The principles of training
- Specificity: adaptations are specific to the system, muscles and energy pathway you train. Training the aerobic system will not improve a 100 m sprint; you must train the way you intend to perform.
- Progressive overload: to keep adapting, the training stimulus must gradually exceed what the body is accustomed to. Overload first, then progress the load as fitness improves.

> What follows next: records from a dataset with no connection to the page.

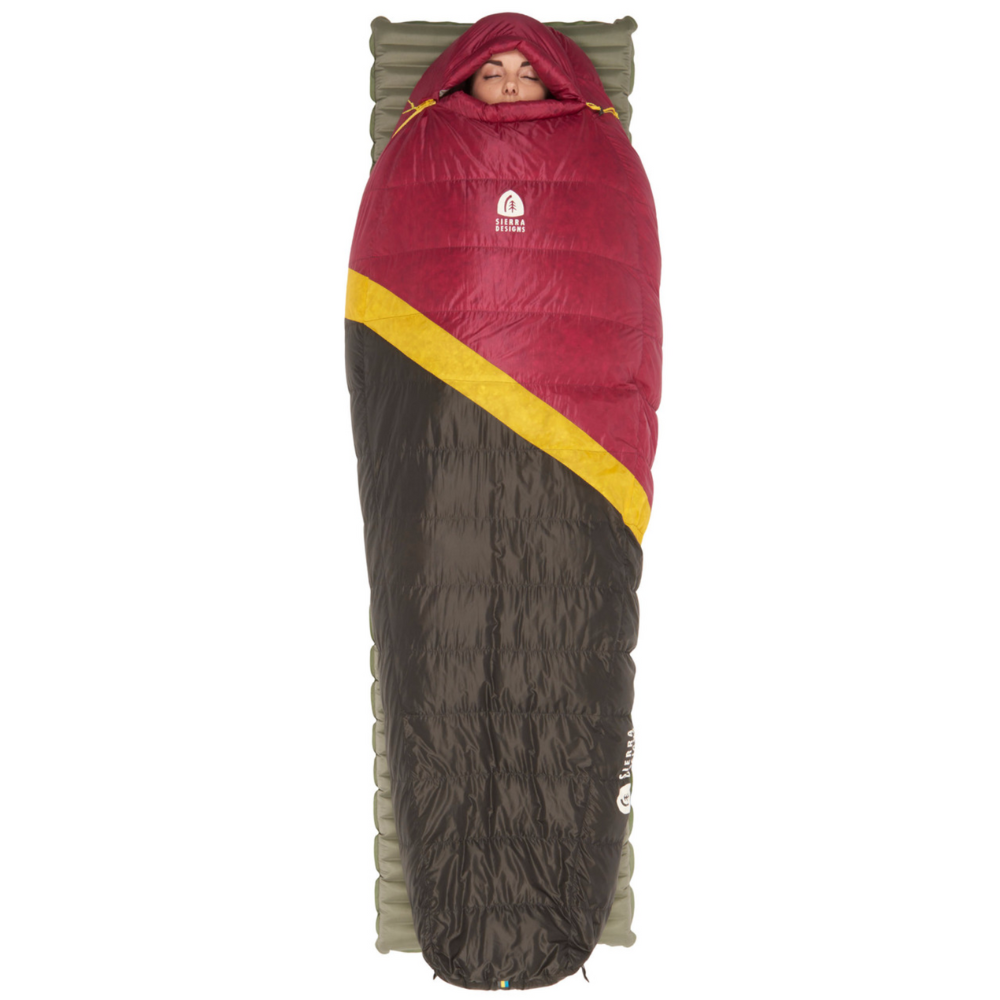 Sierra Design Womens Nitro 800 20 Degree Down Sleeping Bag on sleeping pad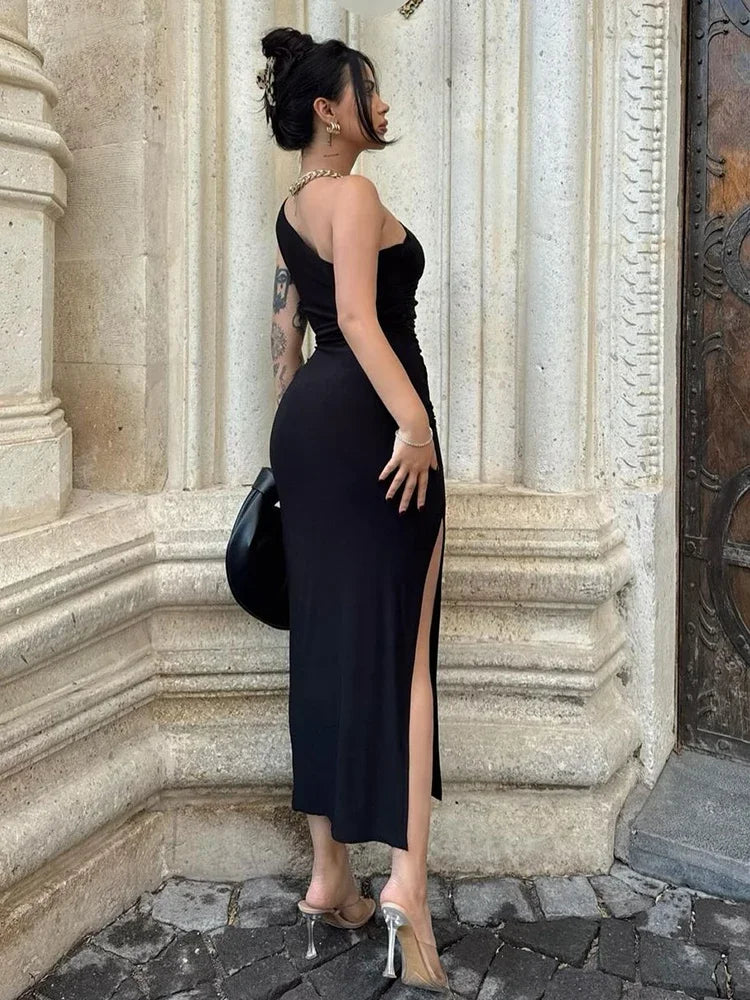 Women's Off-Shoulder Backless Maxi Dress – Slim Fit Club Party Dress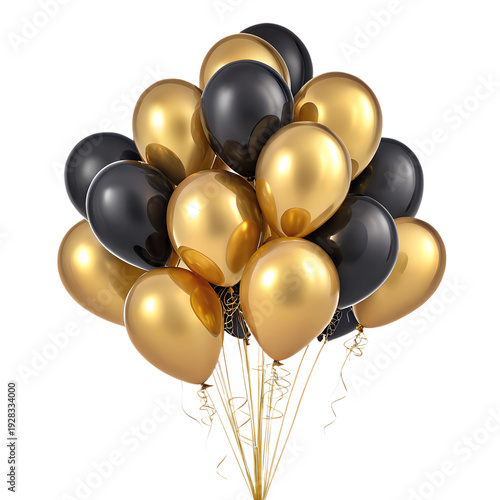 Gold and Black Metallic Balloon Cluster Isolated PNG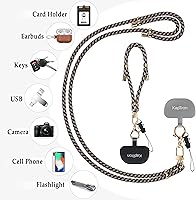 Vista 6 de Kaptron 2 cordones para teléfono celular correa universal ajustable para teléfono y correa de muñeca, con 2 clips de langosta y 2 parches de correa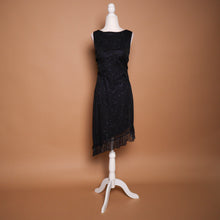Load image into Gallery viewer, Vintage 90&#39;s Navy Glitter Ruffle Hem Dress
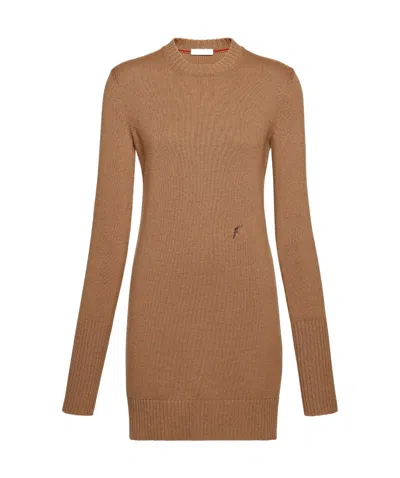 Ferragamo Woman Cashmere Mini Dress In Camel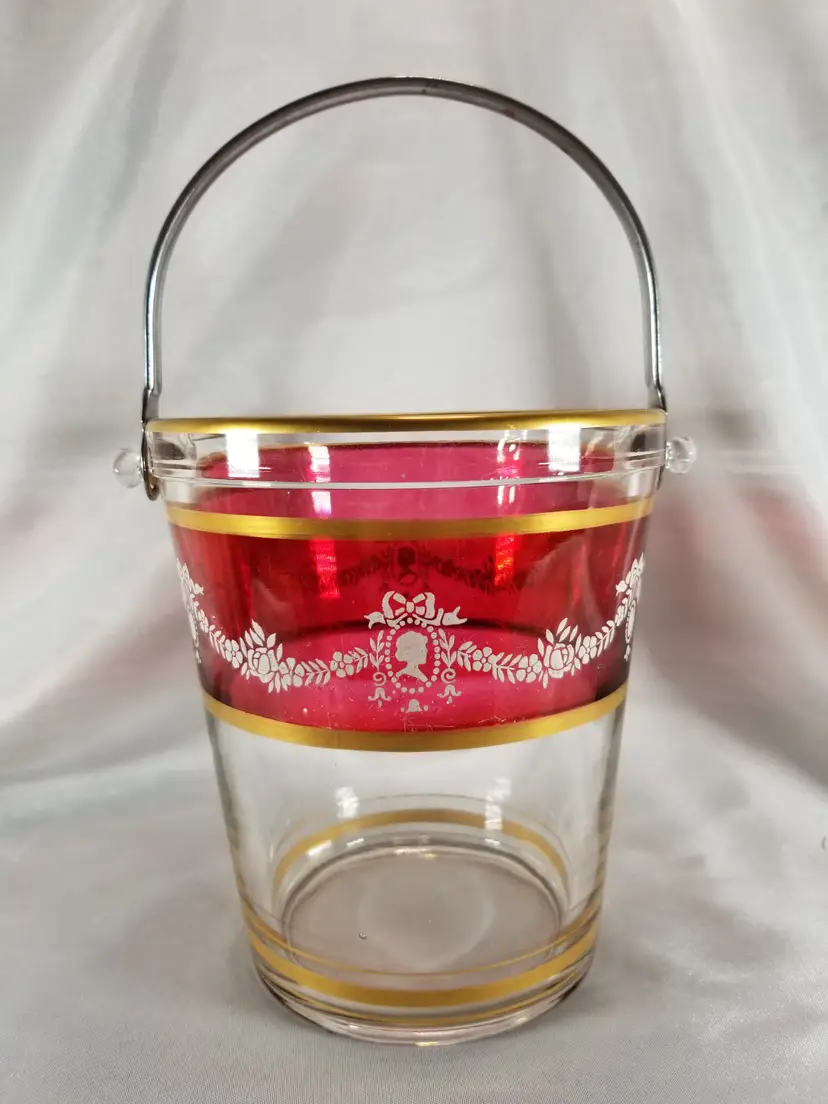 Vintage Cranberry Flash with Cameo Silhouette Glass Ice Bucket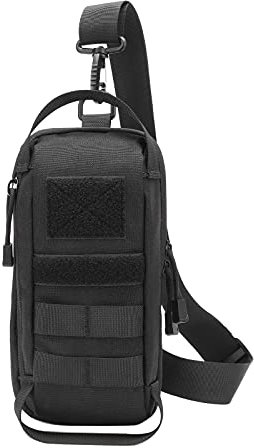 Vmokki Taktisch Sling Bag Hüfttasche 2 in 1 Klein Wasserfest Militär Molle Brusttasche Gürteltasche Schulterrucksack für Outdoor Wandern Reise (Schwarz)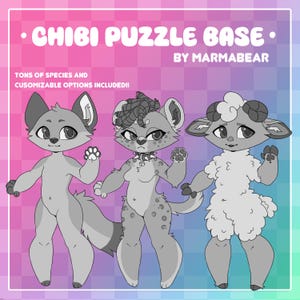 May include: A digital art image featuring three chibi-style animal characters: a fox, a hyena, and a sheep. The image includes text that reads "Chibi Puzzle Base" and "By Marmabear". The background is a gradient of pink and purple.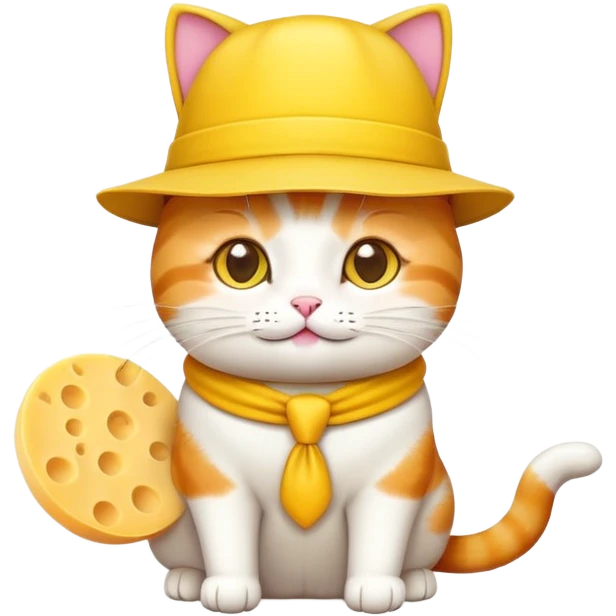 cheese cat wearing a yellow hat emoji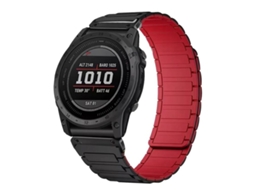 Bracelete para Garmin Silicone Magnético Três Contas com Conector Preto, Vermelho e Preto XIAOMOYU (26mm)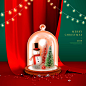温馨场景圣诞水晶球海报设计韩国素材 ix4a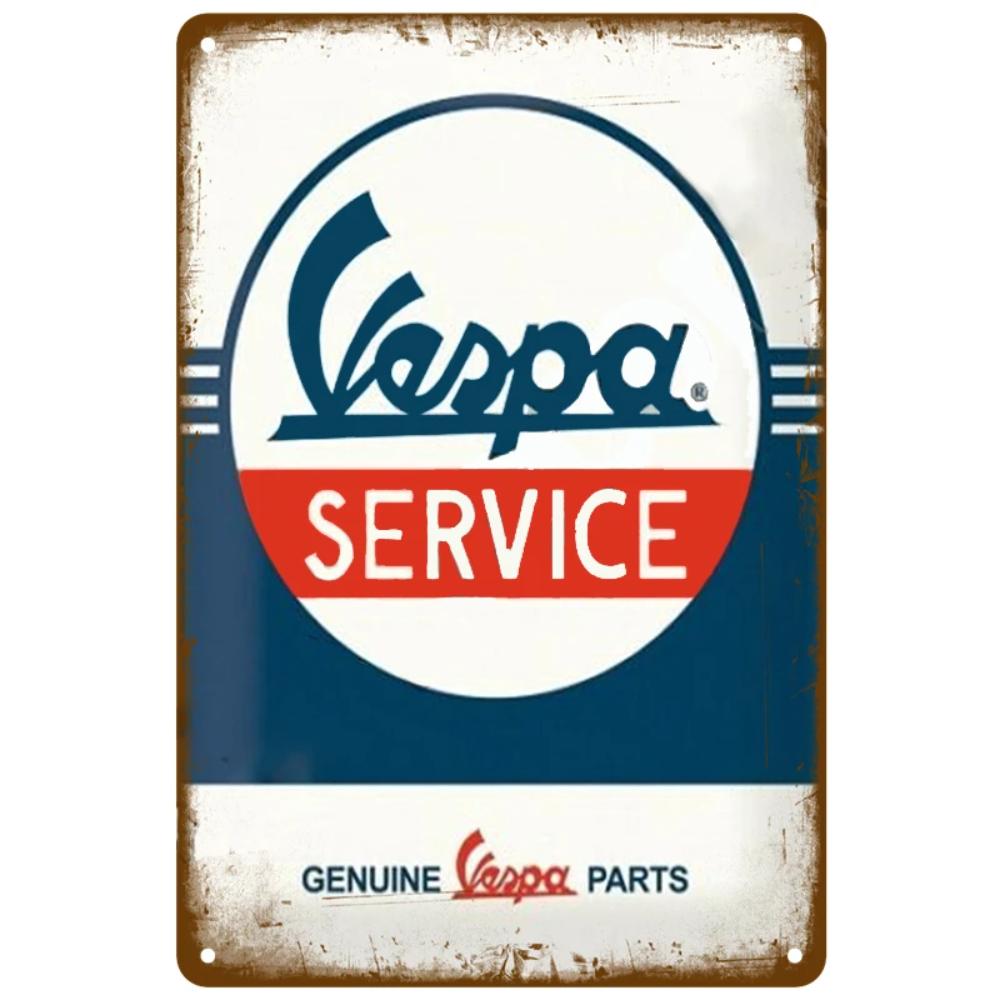 BarArtPro Vespa Tin Sign Art Decor Motorcycles Printed Metal Plaque - Vintage Pin Up Wall Art for Pub Interiors & Cafe Ambiance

- Reversibility: "use it or lose it." Adaptations are lost when training stops, with aerobic fitness declining faster than strength.
- Individuality: the same program produces different responses because of genetics, training age and starting fitness.
- Variety: varying sessions maintains motivation and reduces overuse injury without losing specificity.
- Recovery: adaptation occurs during rest, not during the session itself. Too little recovery leads to overtraining; this is the basis of periodisation.
Training methods and their adaptations
Continuous training is sustained submaximal work (for example a 40-minute run below the lactate inflection point). It targets the aerobic system. Adaptations include a larger stroke volume, increased capillary and mitochondrial density, greater oxidative enzyme activity and a raised VO2max, which together lower resting and submaximal heart rate.
Interval training alternates work bouts with recovery. Short, near-maximal intervals with long rests develop the ATP-PC system; high-intensity efforts of around 30 seconds to 2 minutes with incomplete recovery develop anaerobic glycolytic tolerance and raise the lactate inflection point. Long aerobic intervals build VO2max efficiently.
Resistance (weight) training uses external load. High load and low repetitions (for example 85 percent 1RM, 3-6 reps) develop maximal strength, partly through neural adaptation early on and later through muscle fibre hypertrophy. Lower load and higher repetitions develop muscular endurance.
Plyometric training uses fast eccentric-to-concentric movements (bounding, depth jumps) to develop power by exploiting the stretch-shortening cycle.
Flexibility training (static, dynamic or PNF stretching) increases range of motion at a joint.
Designing a program
A sound program states the athlete's goal, the targeted fitness component, the chosen method, and the FITT prescription, then builds in progression and recovery. For example, to raise the lactate inflection point of a netballer you might prescribe high-intensity interval running three times a week, at 85-90 percent HRmax, in repeated 60-90 second bouts, progressed by adding bouts every fortnight.